User Preference

Seth Orsborn, Peter Boatwright, Jonathan Cagan
School of Management , Bucknell University, Tepper School of Business, Carnegie Mellon University


Seth Orsborn, School of Management , Bucknell University
Peter Boatwright, Tepper School of Business, Carnegie Mellon University
Jonathan Cagan, Department of Mechanical Engineering, Carnegie Mellon University

Within organizations there are always inherent conflicts when divisions with differing goals attempt to reach a consensus. While a fully integrated interdisciplinary design process is ideal, very few industries have adopted this method which is commonly found in design firms and taught in design schools. One of the greatest sources of conflict is in how different disciplines approach problems and determine which solutions are valid. While design understands the value of qualitative research, informed intuition, and focus on the user, engineering and marketing tend to rely upon quantitative measures that produce numbers they can “trust”. Recently, there has been some acceptance of design methods by engineering and marketing, which has in turn improved relationships between the disciplines. But, there is significant potential for design to further improve relationships while plundering marketing’s toolbox for their own use. This would give design some of the analytical reasoning to convince engineering and marketing of the value of their intuition while providing further insight into the needs, wants, and desires of users.

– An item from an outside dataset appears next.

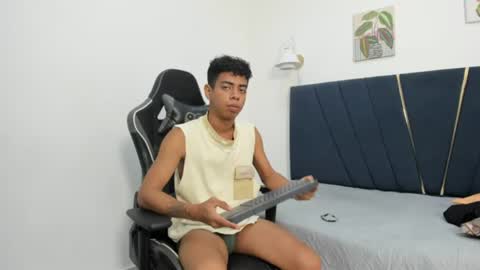 alexx_cum18 online show from June 10, 2026, 4:23 am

One tool in particular has the potential to significantly improve designer insight while providing designers with the leverage they need to convince marketing and engineering: utility functions. Utility functions were first used by economists to describe the hypothetical rational consumer. They are accepted by both engineering and marketing as an analytical method for determining preference, though neither of these disciplines use utility functions for qualitative or aesthetic design purposes. Any product attribute that can be represented with a numerical function (e.g. shape or color) can be represented using a utility function and user preference for rough concepts can be determined through carefully constructed user research. While this will never produce the “optimal” design that engineers are looking for, it can present designers with a constrained design space that users are most likely to prefer. This information can then be used by designer to inform, but not limit, their design decisions as they move through to finalized designs. Furthermore, this information can be leveraged by designers to support their design decisions and provide validation to prevent engineering and marketing from making detrimental design modifications.